WHAT TO WORK ON:
Only one range belongs in the answer: the line holding "マウイ ウェディング 水彩 ハイビスカス フェイバータグ (インサイチュ)" through the last line of the records, reproduced as is.

SUPPLIED MATERIAL:
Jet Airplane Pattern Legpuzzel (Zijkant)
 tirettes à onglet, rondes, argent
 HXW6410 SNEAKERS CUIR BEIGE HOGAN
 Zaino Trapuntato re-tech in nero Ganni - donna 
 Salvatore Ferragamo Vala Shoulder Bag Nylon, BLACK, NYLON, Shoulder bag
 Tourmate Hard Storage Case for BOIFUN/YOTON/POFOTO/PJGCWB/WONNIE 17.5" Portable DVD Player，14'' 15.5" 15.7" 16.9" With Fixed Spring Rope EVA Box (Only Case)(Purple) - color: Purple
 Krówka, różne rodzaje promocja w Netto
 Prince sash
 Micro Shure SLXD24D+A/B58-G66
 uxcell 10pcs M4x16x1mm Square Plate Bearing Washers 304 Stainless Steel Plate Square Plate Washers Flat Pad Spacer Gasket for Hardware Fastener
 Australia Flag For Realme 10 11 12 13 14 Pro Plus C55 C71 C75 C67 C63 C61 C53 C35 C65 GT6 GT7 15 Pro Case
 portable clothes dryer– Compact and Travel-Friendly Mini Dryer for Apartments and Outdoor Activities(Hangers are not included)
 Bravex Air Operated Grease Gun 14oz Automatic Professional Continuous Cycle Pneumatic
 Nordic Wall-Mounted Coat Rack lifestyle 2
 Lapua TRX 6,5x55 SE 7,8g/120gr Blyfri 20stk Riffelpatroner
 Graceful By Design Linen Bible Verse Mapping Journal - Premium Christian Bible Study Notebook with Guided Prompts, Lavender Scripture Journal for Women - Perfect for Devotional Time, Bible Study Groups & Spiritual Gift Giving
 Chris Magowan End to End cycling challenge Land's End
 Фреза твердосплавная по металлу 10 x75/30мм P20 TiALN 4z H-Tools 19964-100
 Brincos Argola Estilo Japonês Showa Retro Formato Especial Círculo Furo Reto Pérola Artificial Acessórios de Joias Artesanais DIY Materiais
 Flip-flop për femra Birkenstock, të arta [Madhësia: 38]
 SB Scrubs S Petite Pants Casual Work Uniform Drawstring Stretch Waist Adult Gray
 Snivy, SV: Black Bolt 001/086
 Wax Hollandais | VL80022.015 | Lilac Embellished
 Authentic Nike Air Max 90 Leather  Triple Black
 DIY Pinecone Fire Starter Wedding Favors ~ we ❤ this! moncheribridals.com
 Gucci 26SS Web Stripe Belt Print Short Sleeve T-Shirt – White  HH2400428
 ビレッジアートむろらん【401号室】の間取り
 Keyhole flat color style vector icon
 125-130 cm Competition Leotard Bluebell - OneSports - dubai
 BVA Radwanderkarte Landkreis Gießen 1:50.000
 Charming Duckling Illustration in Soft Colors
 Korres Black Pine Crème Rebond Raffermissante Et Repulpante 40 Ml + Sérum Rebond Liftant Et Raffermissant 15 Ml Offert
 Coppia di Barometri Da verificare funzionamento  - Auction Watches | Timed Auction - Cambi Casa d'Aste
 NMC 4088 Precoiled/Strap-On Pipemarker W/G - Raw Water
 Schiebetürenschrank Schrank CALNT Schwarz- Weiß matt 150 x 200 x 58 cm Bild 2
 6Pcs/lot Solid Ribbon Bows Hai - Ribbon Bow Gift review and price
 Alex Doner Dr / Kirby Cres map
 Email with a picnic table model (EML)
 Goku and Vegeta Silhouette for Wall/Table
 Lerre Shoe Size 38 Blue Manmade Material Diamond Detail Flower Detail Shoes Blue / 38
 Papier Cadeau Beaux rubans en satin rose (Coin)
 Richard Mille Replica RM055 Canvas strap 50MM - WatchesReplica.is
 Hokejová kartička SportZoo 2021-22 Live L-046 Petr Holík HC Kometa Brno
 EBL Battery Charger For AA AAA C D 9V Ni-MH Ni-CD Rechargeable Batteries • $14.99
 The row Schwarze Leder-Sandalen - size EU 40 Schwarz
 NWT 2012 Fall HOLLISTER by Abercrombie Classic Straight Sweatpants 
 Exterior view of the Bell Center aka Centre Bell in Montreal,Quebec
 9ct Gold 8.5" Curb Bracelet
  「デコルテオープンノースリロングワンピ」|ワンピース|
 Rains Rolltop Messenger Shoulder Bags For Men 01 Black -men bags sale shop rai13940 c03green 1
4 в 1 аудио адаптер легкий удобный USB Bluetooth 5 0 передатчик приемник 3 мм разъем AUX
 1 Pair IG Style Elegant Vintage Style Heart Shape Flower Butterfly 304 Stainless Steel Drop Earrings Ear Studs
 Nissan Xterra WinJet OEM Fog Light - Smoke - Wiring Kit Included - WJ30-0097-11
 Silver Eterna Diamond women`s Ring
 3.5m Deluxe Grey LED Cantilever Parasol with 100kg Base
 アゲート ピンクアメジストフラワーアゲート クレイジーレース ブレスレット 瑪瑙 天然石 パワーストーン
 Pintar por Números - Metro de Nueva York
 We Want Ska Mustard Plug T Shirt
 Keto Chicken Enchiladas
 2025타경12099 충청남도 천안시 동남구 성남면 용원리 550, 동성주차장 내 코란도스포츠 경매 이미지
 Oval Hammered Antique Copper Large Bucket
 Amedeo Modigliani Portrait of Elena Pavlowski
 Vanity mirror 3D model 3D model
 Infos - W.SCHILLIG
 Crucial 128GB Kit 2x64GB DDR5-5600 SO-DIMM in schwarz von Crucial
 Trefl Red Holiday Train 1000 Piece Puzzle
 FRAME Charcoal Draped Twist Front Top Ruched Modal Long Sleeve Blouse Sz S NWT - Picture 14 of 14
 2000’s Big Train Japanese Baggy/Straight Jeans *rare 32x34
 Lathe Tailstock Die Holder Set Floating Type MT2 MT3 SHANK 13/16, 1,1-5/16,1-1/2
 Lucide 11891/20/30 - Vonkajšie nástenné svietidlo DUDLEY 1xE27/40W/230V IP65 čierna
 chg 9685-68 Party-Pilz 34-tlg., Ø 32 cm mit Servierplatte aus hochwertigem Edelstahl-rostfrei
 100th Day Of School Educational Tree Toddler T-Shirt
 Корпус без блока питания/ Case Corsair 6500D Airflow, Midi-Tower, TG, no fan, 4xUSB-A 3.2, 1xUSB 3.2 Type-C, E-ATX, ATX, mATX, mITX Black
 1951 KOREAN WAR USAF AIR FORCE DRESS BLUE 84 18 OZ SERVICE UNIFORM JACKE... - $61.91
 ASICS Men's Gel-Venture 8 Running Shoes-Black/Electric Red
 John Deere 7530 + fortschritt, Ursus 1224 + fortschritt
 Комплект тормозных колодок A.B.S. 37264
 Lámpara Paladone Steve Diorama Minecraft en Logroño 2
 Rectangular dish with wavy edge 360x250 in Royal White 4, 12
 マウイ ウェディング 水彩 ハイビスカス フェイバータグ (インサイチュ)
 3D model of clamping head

ANSWER BOX:
 マウイ ウェディング 水彩 ハイビスカス フェイバータグ (インサイチュ)
 3D model of clamping head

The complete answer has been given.